Karena bagiku Tuhan adalah ciptaanku sendiri. Aku telah menciptakan Tuhan.
“Kau boleh
mengatakan aku orang atheis,” ujarku dalam peraduan terhadap sang guru.
Mata tajam itu
menatap penuh tanya dengan apa yang aku katakan. Anginpun mendera
sekujur tubuh, mengabadikan kenangan semalam yang hampir tak berdawai. Setiap detiknya
ia terdengar syahdu dalam keterasingan. Serupa kekelaman, musim semi mengabur
dalam samar. Aku harus melewati masa. Mencari kebenaran untuk setiap perjalanan,
meski sejatinya aku tak mampu.
Dalam hening
aku teringat pesan Buddha bahwa ketika terjadi tumbukan antara aliran air
sungai dan batu, maka aliran air selalu menang bukan karena kekuatan tetapi
karena ketekunan. Aku mencoba memahami betul kalimat itu.
Aku tekun mencari
sebuah arti tentang perjalanan yang sudah sekian lama lalui. Tentang
keberadaanku, darimana asalnya, dan untuk apa keberadaanku saat ini.
Bak jernihnya
air sungai yang mengalir, meski bermuara namun ia tetap bergerak dan tak ada
hentinya. Sama halnya denganku, meski tak kunjung menjumpai kebenaran tapi tak
henti aku tetap mencari jawabnya. Kembali lagi walau sebenarnya aku tak akan mampu.
Sekumpulan yang
dinamai umat manusia ini ternyata mempunyai batasan tentang hakikat ke’aku’an,
tentang hakikat ketuhanan, dan hal lain yang tak mampu dijangkau oleh logika.

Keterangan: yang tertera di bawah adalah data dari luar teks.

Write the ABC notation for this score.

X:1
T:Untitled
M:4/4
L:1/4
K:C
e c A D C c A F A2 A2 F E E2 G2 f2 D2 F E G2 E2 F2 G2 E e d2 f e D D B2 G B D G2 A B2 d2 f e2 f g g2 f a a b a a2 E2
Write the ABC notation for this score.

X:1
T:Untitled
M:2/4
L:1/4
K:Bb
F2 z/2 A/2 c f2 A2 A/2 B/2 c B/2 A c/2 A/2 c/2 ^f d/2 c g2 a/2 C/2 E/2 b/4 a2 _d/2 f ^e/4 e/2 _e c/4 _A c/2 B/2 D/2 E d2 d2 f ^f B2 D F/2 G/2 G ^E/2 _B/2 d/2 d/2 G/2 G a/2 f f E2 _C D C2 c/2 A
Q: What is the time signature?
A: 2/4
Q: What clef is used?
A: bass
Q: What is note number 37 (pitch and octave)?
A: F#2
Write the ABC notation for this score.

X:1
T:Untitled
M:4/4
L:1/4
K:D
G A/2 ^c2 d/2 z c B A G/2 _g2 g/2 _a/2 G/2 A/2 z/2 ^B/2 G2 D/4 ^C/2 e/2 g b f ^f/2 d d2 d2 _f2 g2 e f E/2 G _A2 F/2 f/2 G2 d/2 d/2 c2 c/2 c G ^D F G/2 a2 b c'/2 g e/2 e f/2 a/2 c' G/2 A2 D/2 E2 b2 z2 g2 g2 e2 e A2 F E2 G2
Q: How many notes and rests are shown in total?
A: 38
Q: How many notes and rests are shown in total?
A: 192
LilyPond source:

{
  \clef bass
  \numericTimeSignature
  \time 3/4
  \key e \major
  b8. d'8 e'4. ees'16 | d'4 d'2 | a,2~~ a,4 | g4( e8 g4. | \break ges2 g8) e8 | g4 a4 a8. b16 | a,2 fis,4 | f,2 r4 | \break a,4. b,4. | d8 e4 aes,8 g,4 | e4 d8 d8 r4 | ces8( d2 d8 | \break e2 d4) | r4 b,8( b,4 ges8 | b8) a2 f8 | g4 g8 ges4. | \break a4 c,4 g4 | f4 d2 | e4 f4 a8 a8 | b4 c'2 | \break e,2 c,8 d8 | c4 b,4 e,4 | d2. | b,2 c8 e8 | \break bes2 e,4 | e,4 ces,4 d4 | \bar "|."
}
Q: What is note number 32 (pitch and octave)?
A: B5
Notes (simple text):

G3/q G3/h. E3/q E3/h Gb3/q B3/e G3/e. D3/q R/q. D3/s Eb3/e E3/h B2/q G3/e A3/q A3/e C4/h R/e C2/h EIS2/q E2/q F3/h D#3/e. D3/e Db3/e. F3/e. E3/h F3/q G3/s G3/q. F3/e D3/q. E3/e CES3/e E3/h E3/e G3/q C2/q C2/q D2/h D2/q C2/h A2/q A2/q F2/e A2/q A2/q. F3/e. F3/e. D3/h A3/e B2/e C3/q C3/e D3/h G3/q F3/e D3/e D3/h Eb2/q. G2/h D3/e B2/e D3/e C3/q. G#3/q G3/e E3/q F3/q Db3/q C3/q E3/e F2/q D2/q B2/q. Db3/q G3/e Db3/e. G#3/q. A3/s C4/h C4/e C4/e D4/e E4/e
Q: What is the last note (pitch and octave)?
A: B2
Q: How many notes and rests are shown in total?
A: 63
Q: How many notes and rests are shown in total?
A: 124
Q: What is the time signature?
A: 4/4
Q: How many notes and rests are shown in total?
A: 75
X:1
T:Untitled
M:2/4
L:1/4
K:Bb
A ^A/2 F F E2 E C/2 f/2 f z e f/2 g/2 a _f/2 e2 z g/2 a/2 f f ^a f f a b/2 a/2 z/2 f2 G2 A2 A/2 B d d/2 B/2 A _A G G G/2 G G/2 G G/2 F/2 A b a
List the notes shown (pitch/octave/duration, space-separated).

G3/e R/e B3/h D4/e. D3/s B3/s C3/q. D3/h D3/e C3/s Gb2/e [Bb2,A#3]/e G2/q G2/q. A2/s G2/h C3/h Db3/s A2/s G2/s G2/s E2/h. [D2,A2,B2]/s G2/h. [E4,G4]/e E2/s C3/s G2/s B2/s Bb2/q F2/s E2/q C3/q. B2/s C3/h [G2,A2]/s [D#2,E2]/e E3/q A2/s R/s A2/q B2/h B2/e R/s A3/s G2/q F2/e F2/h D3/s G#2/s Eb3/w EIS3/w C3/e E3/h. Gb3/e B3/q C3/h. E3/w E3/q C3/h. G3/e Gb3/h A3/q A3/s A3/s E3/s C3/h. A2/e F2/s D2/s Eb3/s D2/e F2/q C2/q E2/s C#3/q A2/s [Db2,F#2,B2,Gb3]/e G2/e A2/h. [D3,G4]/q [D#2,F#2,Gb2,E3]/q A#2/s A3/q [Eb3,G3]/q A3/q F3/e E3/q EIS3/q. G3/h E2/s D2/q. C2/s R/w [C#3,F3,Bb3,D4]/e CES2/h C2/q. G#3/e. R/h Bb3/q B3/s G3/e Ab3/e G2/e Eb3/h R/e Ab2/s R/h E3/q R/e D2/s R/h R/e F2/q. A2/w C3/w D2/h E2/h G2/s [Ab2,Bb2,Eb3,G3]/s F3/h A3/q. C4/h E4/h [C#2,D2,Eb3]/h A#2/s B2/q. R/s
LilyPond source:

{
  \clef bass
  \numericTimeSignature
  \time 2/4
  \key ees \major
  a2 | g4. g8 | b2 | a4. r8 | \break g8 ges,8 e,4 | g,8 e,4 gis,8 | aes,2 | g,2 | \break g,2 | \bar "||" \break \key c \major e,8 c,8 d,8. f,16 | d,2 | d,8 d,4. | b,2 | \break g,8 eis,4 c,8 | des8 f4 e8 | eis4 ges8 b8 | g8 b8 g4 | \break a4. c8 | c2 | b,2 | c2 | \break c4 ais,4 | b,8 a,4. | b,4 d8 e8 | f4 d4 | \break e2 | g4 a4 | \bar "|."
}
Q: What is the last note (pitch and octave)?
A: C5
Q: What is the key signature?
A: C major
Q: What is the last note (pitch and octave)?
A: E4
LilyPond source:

Maka lahirlah sebuah ilmu pengetahuan. Aku mendapatkan pembelajaran ini semasa
duduk dibangku kuliah beberapa waktu lalu.
“Mengapa kau
yakin telah menciptakan Tuhanmu?” guruku bertanya dengan tegas.
Aku kelimpungan
untuk menjawabnya. Karena aku sendiri tak mampu sampaikan bahwa tuhan adalah ciptaanku
sendiri. Ia tidak akan ada jika aku tak mengakuinya.
“Keberadaan
Tuhan adalah ketika aku mengakuinya,” jawabku seraya menunduk.
Sehari-hari aku
tinggal di lingkungan orang yang mayoritas mengaku beragama. Tapi entah siapa
tuhan mereka. Kebanyakan yang aku temui bahwa mereka menjalankan perintah karena
takut siksa, karena kewajiban, karena ingin masuk surga, karena tinggal bersama
orang beragama, dan masih banyak alasan yang lain.
Tak kujumpai
satu pun diantara mereka yang menganggap bahwa tuhan memang benar-benar pantas
untuk disembah. Tuhanku memang pantas untuk akui keberadaannya, hingga Dia
benar-benar ada pada Singgasananya itu.
Angin masih saja berbisik, mengabarkan
keramaian di luar sana. Sementara aku sendiri disudut gelapku, menikmati
kesenyapan yang terlalu anyir. Segalanya mendebu, wajah-wajah mereka, senyuman
mereka, tangisan wanita tua, canda anak-anak jalanan, semuanya bersijingkat
disekitarku. Aku benar-benar tak tahu, siapa aku si pencipta tuhan.
Kalau tuhan mengerti keberadaanku,
mungkin ia akan sampaikan bahwa ia adalah ciptaanku. Aku mengakui
keberadaannya, maka ia akan ada. Kawan, tahukah kau dengan jalan pikirku?
Mencari kebenaran tentang siapa aku,
benarkah aku telah menciptakan tuhan. Ingin aku sampaikan, seandaianya kau
ingat tujuan penciptaan manusia.
“Manusia diciptakan untuk menyembah
tuhan,” kataku dalam perbincangan singkat dengan seorang kawan beberapa waktu
lalu.
Artinya bahwa kita diperintahkan untuk
mengakui keberadaan tuhan. Aku membahasakan bahwa ketika aku mengakuinya maka
akulah yang menganggap Dia ada. Seandainya aku enggan mengakui, maka tidak ada
tuhan di dunia ini.
“Aku paham dengan maksudmu kawan,”
katanya dengan nada bersahabat.
Aku merindu akan hadirnya tuhan dalam
galaunya perasaan. Dalam berlalunya tahun, aku semakin merasakan jauh dari apa
yang mereka kerjakan. Aku tak mampu menemukan mereka dalam realita. Realita
yang sesungguhnya bahwa manusia mempunyai akal untuk berfikir. Yang aku temukan
hanya apa yang mereka kerjakan tak lebih dari sebatas kewajiban tanpa tahu
alasannya.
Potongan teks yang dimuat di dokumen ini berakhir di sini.